GuideLLM supports passing multiple --data options, each pointing to a separate dataset. If there are matches for the same column type across multiple datasets, they are treated as separate batches. Normally this is useful for layering columns from different datasets within the same request. For example adding a text column from one dataset to another with images or combining multiple normally-distributed synthetic datasets into a multimodal distribution. We can use the TurnPivot preprocessor to transpose turn columns and dataset batches.
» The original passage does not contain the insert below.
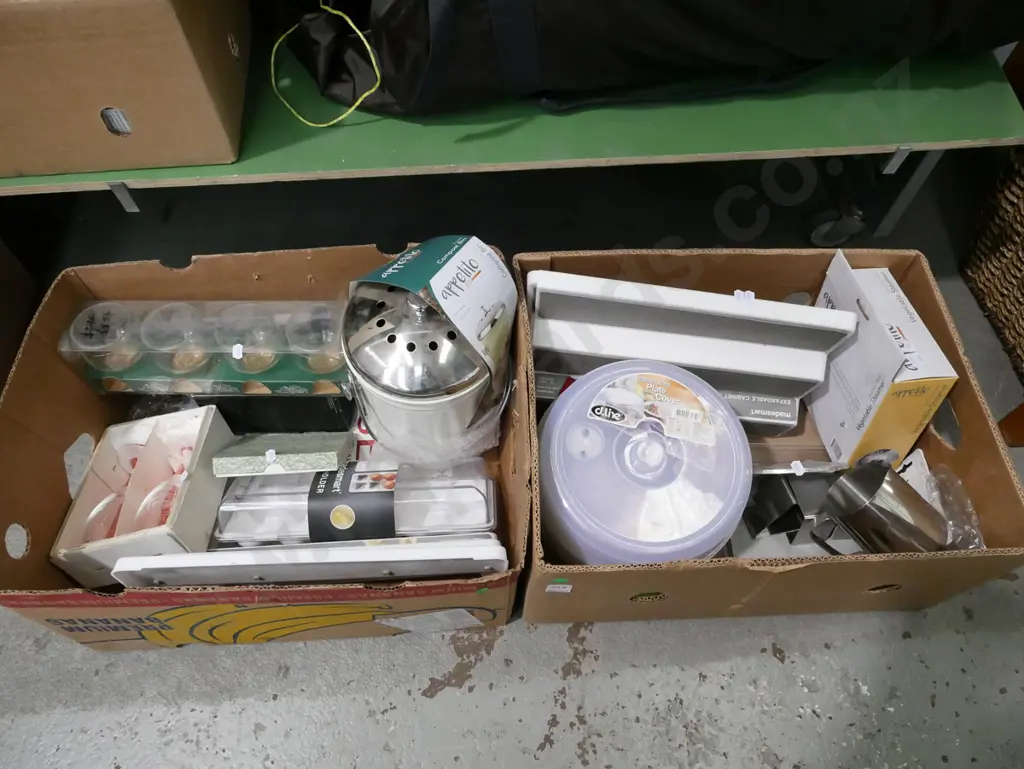 2x boxes; plastic expandable shelves, steamers, compost bin etc Image 1++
For instance, given the following datasets:

prompt_0 prompt_1 output_tokens_0 output_tokens_1
dataset_0 prompt_0 dataset_0 prompt_1 11 12
prompt_0 prompt_1 output_tokens_0 output_tokens_1
dataset_1 prompt_0 dataset_1 prompt_1 21 22

without TurnPivot the second turn will be:

{
  "messages": [
    {
        "role": "user",
        "content": [
            {"type": "text", "text": "dataset_0 prompt_0"},
            {"type": "text", "text": "dataset_1 prompt_0"}
        ]
    },
    {"role": "assistant", "content": "32 token response to prompt_0"},
    {
        "role": "user",
        "content": [
            {"type": "text", "text": "dataset_0 prompt_1"},
            {"type": "text", "text": "dataset_1 prompt_1"}
        ]
    }
  ],
  "output_completion_tokens": 34,
  ...
}

with TurnPivot the second turn will be:

{
  "messages": [
    {
        "role": "user",
        "content": [
            {"type": "text", "text": "dataset_0 prompt_0"},
            {"type": "text", "text": "dataset_0 prompt_1"}
        ]
    },
    {"role": "assistant", "content": "23 token response to dataset_0"},
    {
        "role": "user",
        "content": [
            {"type": "text", "text": "dataset_1 prompt_0"},
            {"type": "text", "text": "dataset_1 prompt_1"}
        ]
    }
  ],
  "output_completion_tokens": 43,
  ...
}

Usage

To use TurnPivot in the CLI, specify it as a data preprocessor:

--data kind=huggingface,source=dataset0.jsonl \
--data kind=huggingface,source=dataset1.jsonl \
--data-preprocessor kind=encode_media \
--data-preprocessor kind=turn_pivot

[!WARNING]\ Setting --data-preprocessor overrides all preprocessors, except for the column mapper, so take care to specify any preprocessor required for your use-case.

Examples

1. Basic Multiturn with Synthetic Data

This example demonstrates a simple 3-turn conversation benchmark using synthetic data.

Command:

guidellm run \
  --backend kind=openai_http,target=http://localhost:8000,model=meta-llama/Llama-3.1-8B-Instruct,request_format=/v1/chat/completions \
  --profile kind=concurrent,streams=6 \
  --constraint kind=max_requests,count=30 \
  --data kind=synthetic_text,prompt_tokens=200,output_tokens=100,turns=3

Key Parameters:

  • --backend: Server URL, model, and request format
  • --profile: Benchmark execution profile (concurrent maintains a fixed number of concurrent requests)
  • --constraint kind=max_requests,count=30: Maximum number of requests to send (30 requests ~= 10 conversations with 3 turns each)
  • --data: Synthetic data configuration with 200 prompt tokens, 100 output tokens, and 3 turns

This command benchmarks 10 three-turn conversations, where each turn has 200 input tokens and generates 100 output tokens. The model maintains conversation history across all three turns.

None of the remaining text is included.